I cut close to the lines all around with a drawknife.

This is how I transitioned fro round to square.
Sixteen siding by eye.

The foremast tenon.
 At the same time that I was working the fore down to round, I was cutting the birdsmouth staves and gluing those up. This method of spar building utilizes a formula to derive the stave widths and thicknesses for a given radius. One edge of each stave is cut with a 90 deg. vee groove, and the other edge is left square. The taper is cut on the square edge. One stave of each spar is marked out, cut, and trued up with a block plane, then that stave is used as a pattern to mark the other seven.

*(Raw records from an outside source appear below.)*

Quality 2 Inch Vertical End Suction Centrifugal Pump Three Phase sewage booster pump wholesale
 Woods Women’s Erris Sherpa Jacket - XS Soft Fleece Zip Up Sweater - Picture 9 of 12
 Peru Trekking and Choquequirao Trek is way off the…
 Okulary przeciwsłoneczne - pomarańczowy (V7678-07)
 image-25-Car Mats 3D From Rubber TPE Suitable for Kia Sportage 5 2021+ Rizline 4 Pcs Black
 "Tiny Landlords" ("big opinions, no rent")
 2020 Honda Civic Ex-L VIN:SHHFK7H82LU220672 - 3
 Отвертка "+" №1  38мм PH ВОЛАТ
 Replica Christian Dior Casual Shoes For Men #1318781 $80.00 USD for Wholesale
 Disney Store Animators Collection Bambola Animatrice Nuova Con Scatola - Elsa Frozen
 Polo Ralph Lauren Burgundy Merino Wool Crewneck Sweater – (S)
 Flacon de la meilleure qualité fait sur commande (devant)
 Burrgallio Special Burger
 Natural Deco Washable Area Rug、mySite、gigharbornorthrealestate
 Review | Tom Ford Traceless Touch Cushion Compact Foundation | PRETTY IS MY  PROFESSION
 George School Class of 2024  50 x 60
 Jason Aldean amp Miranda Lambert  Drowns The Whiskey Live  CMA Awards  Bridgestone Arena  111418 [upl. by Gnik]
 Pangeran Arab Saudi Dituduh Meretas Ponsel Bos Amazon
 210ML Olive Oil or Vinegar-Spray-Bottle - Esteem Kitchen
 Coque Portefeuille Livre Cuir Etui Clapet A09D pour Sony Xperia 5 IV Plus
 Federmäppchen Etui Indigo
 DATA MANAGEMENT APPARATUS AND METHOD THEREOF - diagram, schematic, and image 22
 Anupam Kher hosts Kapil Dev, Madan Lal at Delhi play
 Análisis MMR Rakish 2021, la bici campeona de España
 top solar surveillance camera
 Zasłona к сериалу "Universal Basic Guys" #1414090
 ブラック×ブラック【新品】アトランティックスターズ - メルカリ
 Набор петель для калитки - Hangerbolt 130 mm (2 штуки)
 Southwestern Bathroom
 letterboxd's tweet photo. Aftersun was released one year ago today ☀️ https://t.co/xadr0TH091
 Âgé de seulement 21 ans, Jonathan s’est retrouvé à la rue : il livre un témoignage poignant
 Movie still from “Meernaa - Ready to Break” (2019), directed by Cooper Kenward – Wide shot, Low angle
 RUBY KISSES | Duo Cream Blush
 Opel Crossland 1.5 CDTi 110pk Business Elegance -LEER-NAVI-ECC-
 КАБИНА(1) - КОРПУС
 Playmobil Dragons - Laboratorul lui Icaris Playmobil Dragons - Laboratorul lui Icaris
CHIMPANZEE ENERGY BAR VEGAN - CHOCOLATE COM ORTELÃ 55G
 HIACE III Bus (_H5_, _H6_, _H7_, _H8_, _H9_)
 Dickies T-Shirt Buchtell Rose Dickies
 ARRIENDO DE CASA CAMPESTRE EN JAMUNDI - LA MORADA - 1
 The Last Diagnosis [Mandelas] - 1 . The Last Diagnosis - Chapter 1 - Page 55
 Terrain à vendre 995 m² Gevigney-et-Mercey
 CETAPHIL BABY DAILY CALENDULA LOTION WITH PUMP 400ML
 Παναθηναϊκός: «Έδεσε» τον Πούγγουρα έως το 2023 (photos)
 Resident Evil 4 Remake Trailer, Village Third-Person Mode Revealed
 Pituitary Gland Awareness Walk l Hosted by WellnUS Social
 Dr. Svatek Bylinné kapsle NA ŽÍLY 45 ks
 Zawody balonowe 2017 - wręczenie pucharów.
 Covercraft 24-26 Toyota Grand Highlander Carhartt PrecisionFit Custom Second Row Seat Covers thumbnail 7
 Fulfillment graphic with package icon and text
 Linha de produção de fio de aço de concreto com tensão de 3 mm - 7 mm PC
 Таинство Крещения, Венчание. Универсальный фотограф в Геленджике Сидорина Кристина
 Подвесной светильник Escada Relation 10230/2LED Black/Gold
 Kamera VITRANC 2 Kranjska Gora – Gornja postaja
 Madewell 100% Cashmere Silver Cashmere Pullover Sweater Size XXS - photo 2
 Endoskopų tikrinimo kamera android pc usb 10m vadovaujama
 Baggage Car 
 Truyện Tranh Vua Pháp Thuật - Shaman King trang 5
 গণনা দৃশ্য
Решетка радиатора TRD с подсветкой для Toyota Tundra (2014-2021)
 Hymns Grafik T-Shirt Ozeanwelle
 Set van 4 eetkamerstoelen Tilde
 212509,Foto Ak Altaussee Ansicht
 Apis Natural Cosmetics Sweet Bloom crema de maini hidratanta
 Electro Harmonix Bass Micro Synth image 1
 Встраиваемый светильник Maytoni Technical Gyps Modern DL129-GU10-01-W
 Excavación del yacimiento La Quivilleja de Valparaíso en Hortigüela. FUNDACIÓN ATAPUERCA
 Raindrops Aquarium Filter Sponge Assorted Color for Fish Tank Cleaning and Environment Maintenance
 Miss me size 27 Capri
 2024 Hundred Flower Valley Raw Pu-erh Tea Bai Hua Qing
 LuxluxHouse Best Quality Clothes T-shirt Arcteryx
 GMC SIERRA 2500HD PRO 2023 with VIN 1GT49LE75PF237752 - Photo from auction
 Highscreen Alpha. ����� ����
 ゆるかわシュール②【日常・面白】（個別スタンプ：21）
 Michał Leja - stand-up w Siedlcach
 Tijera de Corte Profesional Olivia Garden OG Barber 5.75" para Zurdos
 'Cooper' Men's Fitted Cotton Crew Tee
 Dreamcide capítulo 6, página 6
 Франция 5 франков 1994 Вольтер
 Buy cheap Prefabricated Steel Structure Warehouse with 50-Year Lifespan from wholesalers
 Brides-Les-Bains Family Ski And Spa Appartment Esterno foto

The vee groove is cut on the shaper.

Using a tapered stave to mark the rest of the eight pieces.

Three spars worth of staves.
Each square edge nestles into the vee of the next stave, with eight staves making an octagon. Glue is applied in each vee groove, and the spar is assembled and clamped with hose clamps. I then glued octagonal plugs in the ends of each stick, to close them off. 

Applying glue to all eight at one time.

The staves are assembled, and secured with hose clamps.

End plugs.
The hollow spars were sixteen sided just like the solid one, by eye. I keep threatening to make a set of spar planes, but I haven't done it yet. I ended up buying a nice radius spokeshave from Veritas, which fits every spar except the large end of the fore. This shave worked great on the spars, as it will on oars as well. It's a very well made tool that makes truing a round much easier. For sanding, I used a trick that I picked up from the WB forum, probably from Clint Chase. I made a box sander from plywood and a sanding belt that conforms readily to a changing, round shape. I made an 80 grit and a 120 grit box, then finished up with some 180 grit by hand.


My radius spokeshave. An excellent tool!

Flexible sanding box. I got the idea from Clint Chase and Steven Bauer.

It conforms to a changing diameter easily.
The fore mast has a sheave for the halyard, let into a through mortise at the mast head. Rather than chop a mortise though, I cut a "u" shape in the top, then glued in a block to close the box. Easier than chopping by far. The sheave pivots on a brass rod driven through the mast.



Fore halyard sheave fits into a "u" shaped mortise.

The top is closed off.

The finished mortise.
The mizzen utilizes a "dumb sheave" for the halyard. This is just a hole drilled in the mast head to take the halyard. That sail lives on the mast. The halyard is there just to allow reefing, so it doesn't go up and down much.


The set-up for hole drilling in a spar. This is the fore boom, I believe.

I drill a small pilot first, then come in from both sides with a larger bit.
After sanding all the spars, I put on a sealer coat of shellac to keep them clean, then headed out to the club to set up the sails for the first time.

Spars are shellacked to keep the dirt off 'til varnishing time.